Terms of the Private Placement
On March 1, 2011, we entered into a securities purchase agreement with certain investors, including HealthCap, pursuant to which we agreed to sell (a) 11,079,250 shares of common stock and (b) warrants to purchase 10,460,875 shares of common stock. The purchase price per share of common stock and warrant was $2.83. The transaction closed on March 4, 2011 and we received approximately $29.0 million in net proceeds.
The warrants are exercisable for a period of five years from the date of their issuance at a per share exercise price of $2.88, subject to certain adjustments as specified in the warrants.
We also entered into a Registration Rights Agreement with the investors. The Registration Rights Agreement provides that we will file a “resale” registration statement (the “Initial Registration Statement”) covering all of the shares of common stock and the shares of common stock issuable upon the exercise of the warrants, up to the maximum number of shares able to be registered pursuant to applicable SEC regulations, within 45 days of the closing of the offering. We filed this Registration Statement on April 18, 2011, which registration statement was declared effective by the SEC on May 16, 2011. Under the terms of the Registration Rights Agreement, we are obligated to maintain the effectiveness of the registration statement(s) until all securities therein are sold or otherwise can be sold pursuant to Rule 144 without any restrictions. The Registration Rights Agreement contains customary terms and conditions for a transaction of this type, including certain customary cash penalties for our failure to satisfy specified filing and effectiveness time periods.

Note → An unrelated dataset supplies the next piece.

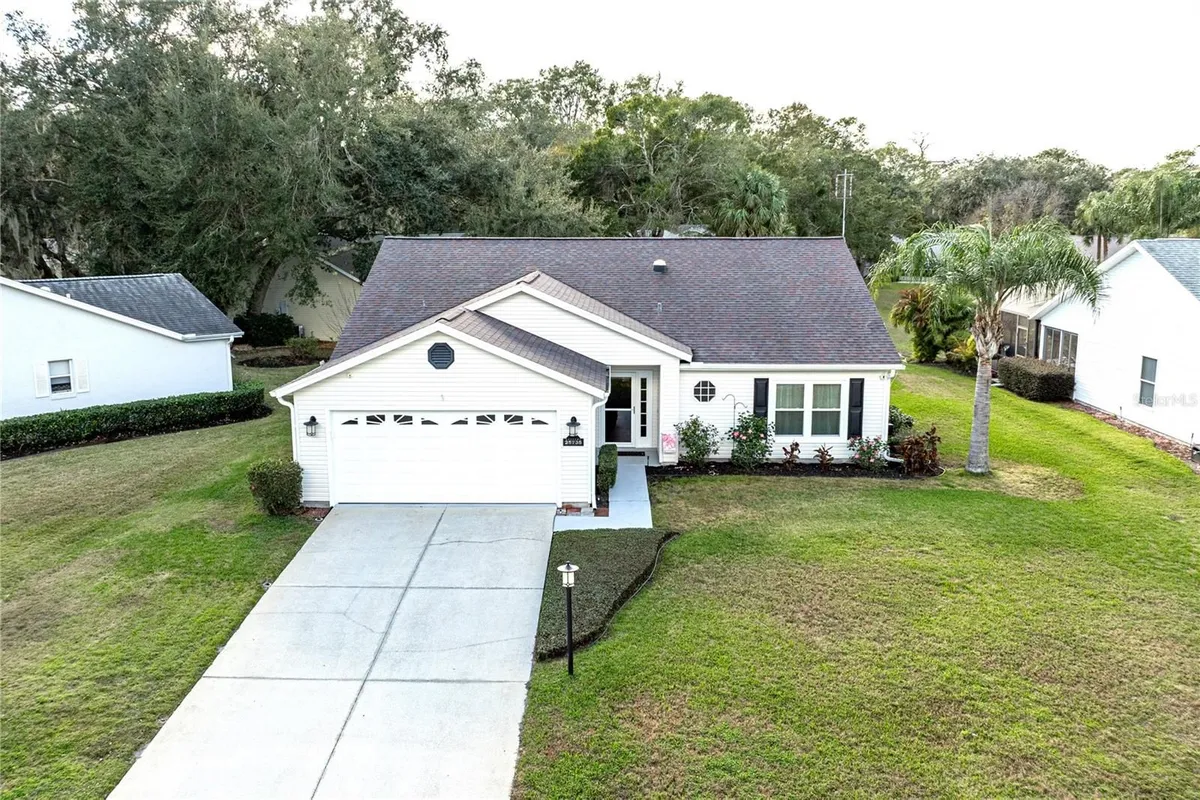 Property Slideshow image 1 of 36 | 25735 glen eagle dr, Leesburg, FL, 34748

THIS SUMMARY OF THE TERMS OF THE PRIVATE PLACEMENT IS INTENDED TO PROVIDE YOU WITH BASIC INFORMATION CONCERNING THE PRIVATE PLACEMENT; HOWEVER, IT IS NOT INTENDED AS A SUBSTITUTE FOR REVIEWING THE SECURITIES PURCHASE AGREEMENT, THE FORM OF WARRANT AND THE FORM OF REGISTRATION RIGHTS AGREEMENT IN THEIR ENTIRETY, WHICH WE HAVE PREVIOUSLY FIELD WITH THE SEC. YOU SHOULD READ THIS SUMMARY TOGETHER WITH THESE DOCUMENTS.
Required Vote
The affirmative vote of the majority of the shares of common stock present in person or represented by proxy at the Annual Meeting and entitled to vote is needed to approve this Proposal 2.
Our board of directors recommends that stockholders vote “FOR” the removal of the exercise restriction associated with certain warrants held by affiliates of HealthCap.